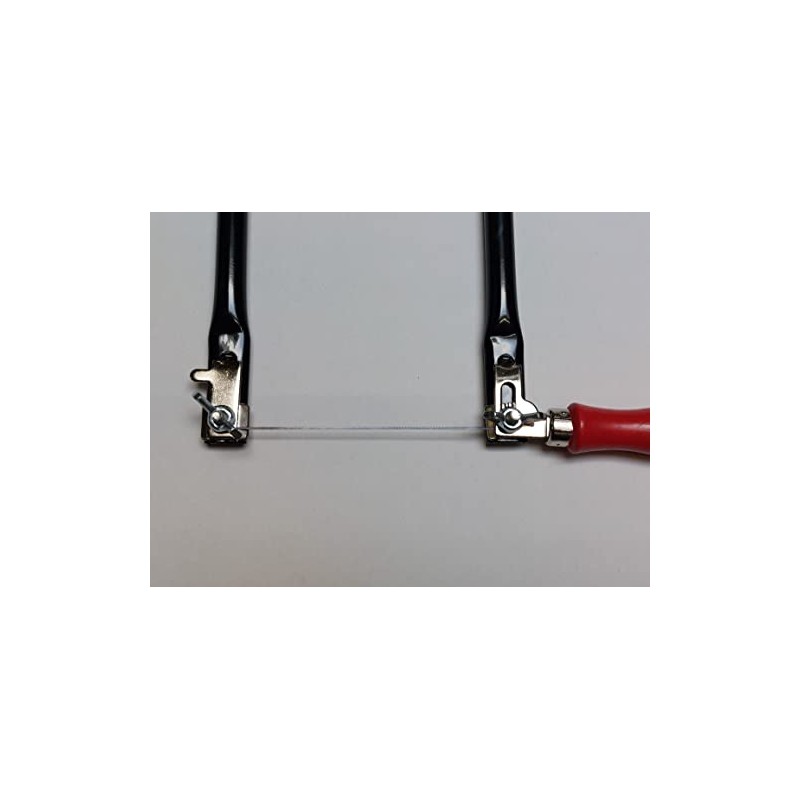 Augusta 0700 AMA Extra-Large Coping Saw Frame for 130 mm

==

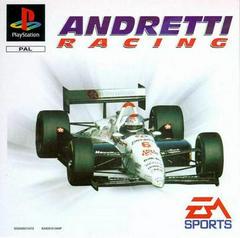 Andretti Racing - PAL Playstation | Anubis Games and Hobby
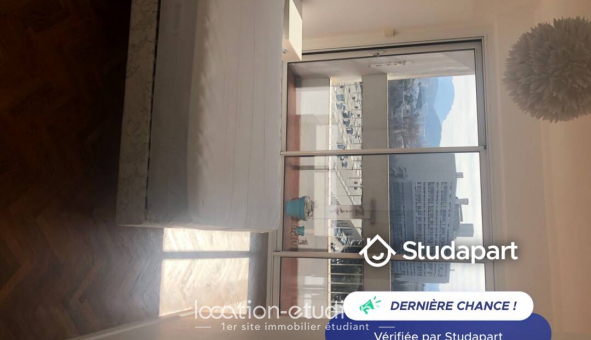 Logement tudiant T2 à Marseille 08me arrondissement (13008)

...

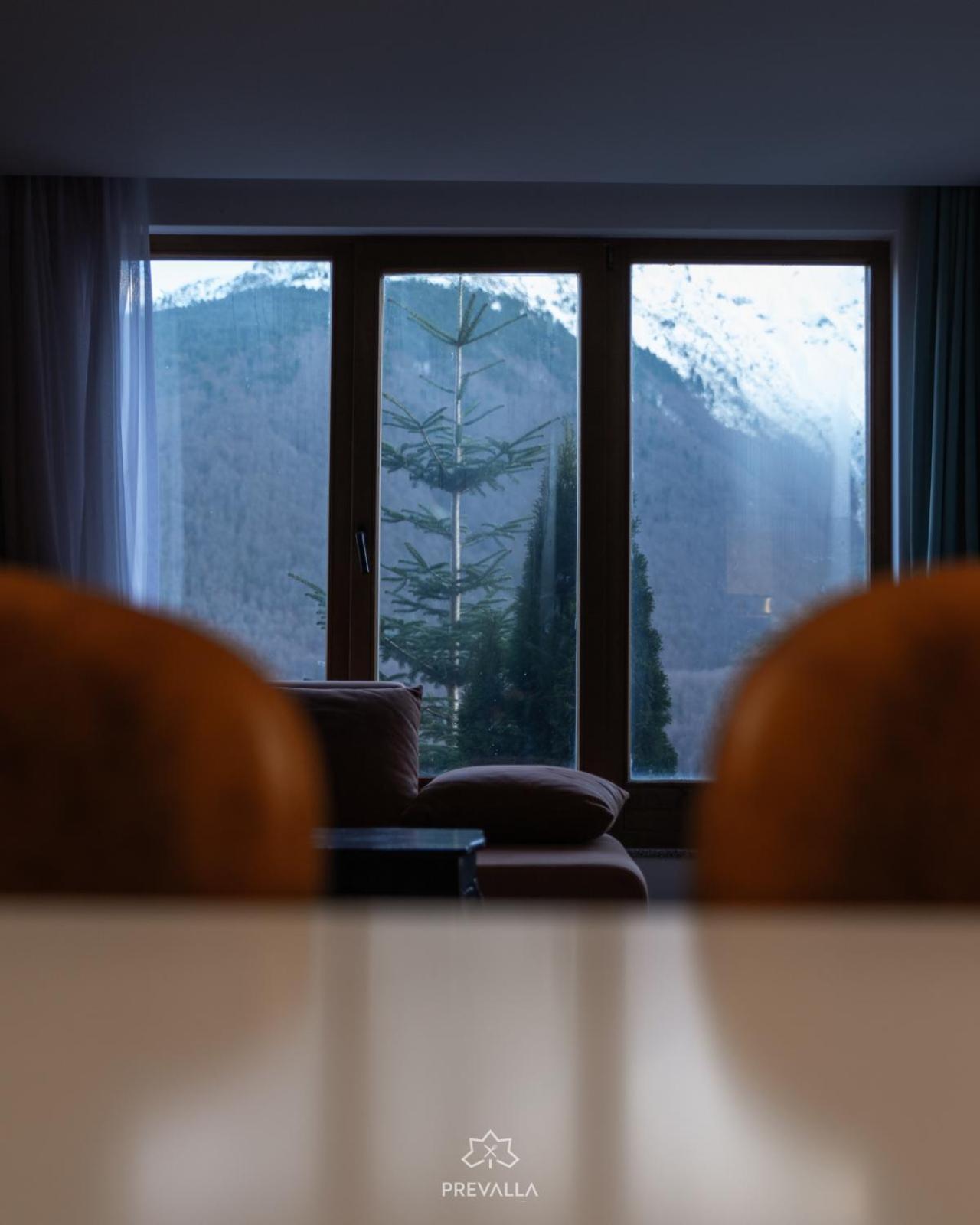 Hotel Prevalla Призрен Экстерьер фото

- [Assignment] Going back to the data above, write out everything from the line with "Andretti Racing - PAL" down to the line with "Logement tudiant T2", both included, leaving every picture out.

- [Written solution]
 Andretti Racing - PAL Playstation | Anubis Games and Hobby
 Logement tudiant T2 à Marseille 08me arrondissement (13008)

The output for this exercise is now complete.